**Your assignment**
Restate exactly, and only, the lines from the one with "神奈川県横浜市戸塚区戸塚町4801周辺の地図" through the end of the data, with both of those end lines kept. Drop any pictures.

**Data below**
###
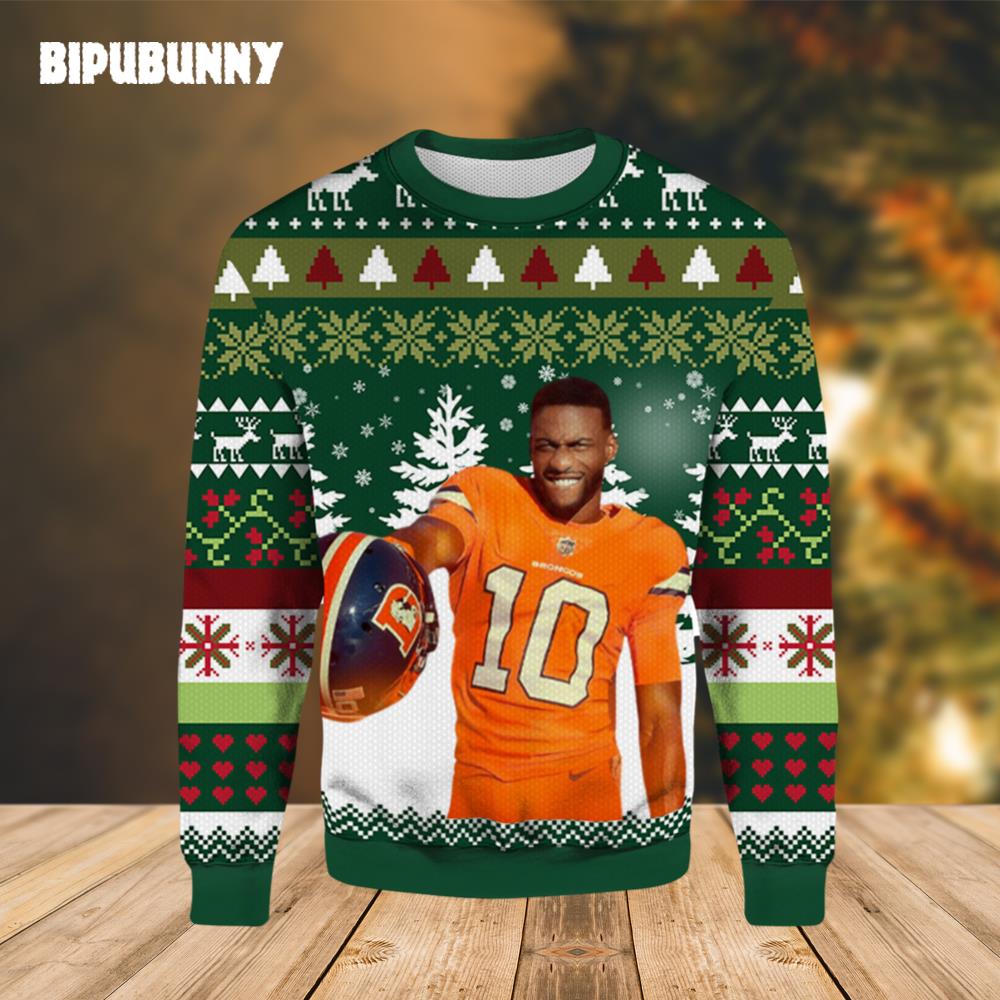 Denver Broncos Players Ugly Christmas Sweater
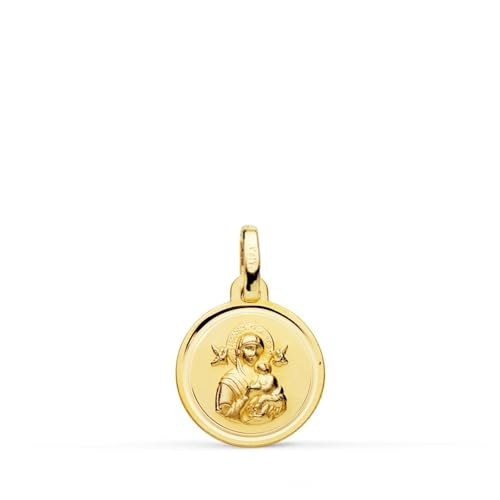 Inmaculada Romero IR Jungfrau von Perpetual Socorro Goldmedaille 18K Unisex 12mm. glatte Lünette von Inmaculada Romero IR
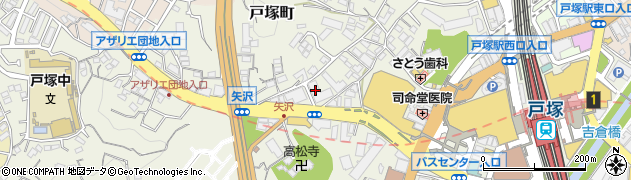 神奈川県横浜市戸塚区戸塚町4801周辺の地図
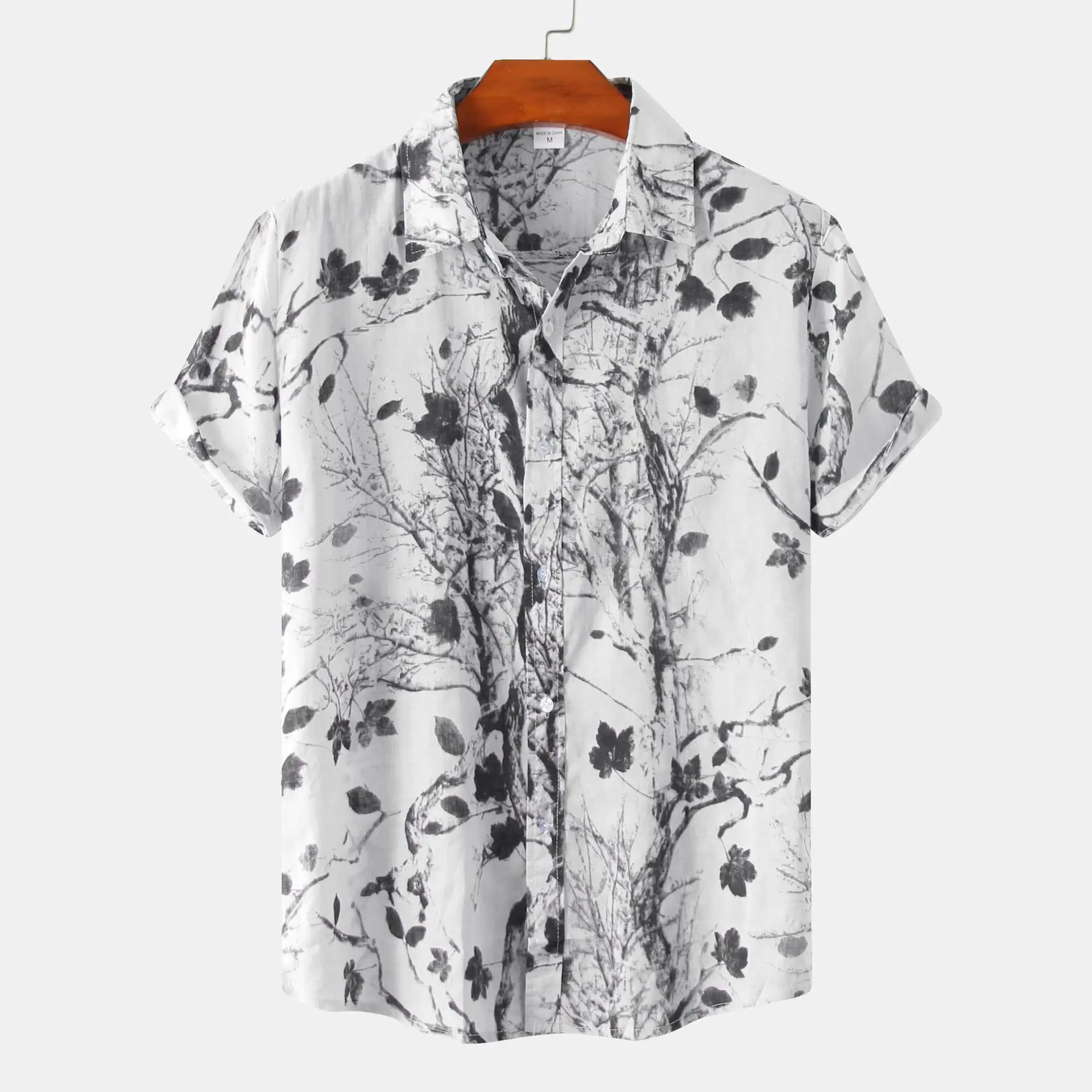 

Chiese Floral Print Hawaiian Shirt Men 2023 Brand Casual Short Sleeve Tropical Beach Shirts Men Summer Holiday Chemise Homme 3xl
###
**Response to this task**
 神奈川県横浜市戸塚区戸塚町4801周辺の地図

Chiese Floral Print Hawaiian Shirt Men 2023 Brand Casual Short Sleeve Tropical Beach Shirts Men Summer Holiday Chemise Homme 3xl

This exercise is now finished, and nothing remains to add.